Short text fragments from websites:
• • • •
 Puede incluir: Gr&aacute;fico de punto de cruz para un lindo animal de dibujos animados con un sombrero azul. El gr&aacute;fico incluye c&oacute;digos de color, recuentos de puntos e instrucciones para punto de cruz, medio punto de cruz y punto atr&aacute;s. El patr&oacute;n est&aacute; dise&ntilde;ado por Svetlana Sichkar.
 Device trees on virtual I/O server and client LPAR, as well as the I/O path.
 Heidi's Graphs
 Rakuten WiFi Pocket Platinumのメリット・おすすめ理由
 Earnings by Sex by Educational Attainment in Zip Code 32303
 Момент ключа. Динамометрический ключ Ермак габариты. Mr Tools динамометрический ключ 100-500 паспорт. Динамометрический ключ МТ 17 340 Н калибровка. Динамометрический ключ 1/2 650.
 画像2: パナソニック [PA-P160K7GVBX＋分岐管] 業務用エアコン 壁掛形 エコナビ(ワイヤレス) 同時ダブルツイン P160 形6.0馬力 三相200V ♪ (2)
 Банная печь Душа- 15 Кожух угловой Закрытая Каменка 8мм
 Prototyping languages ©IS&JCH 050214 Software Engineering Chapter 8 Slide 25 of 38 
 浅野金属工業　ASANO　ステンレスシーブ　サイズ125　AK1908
• • • •
== Brief ==
The reply must consist solely of the lines from the one containing "Device trees on" through the last line of the data, reproduced exactly.

== Answer ==
 Device trees on virtual I/O server and client LPAR, as well as the I/O path.
 Heidi's Graphs
 Rakuten WiFi Pocket Platinumのメリット・おすすめ理由
 Earnings by Sex by Educational Attainment in Zip Code 32303
 Момент ключа. Динамометрический ключ Ермак габариты. Mr Tools динамометрический ключ 100-500 паспорт. Динамометрический ключ МТ 17 340 Н калибровка. Динамометрический ключ 1/2 650.
 画像2: パナソニック [PA-P160K7GVBX＋分岐管] 業務用エアコン 壁掛形 エコナビ(ワイヤレス) 同時ダブルツイン P160 形6.0馬力 三相200V ♪ (2)
 Банная печь Душа- 15 Кожух угловой Закрытая Каменка 8мм
 Prototyping languages ©IS&JCH 050214 Software Engineering Chapter 8 Slide 25 of 38 
 浅野金属工業　ASANO　ステンレスシーブ　サイズ125　AK1908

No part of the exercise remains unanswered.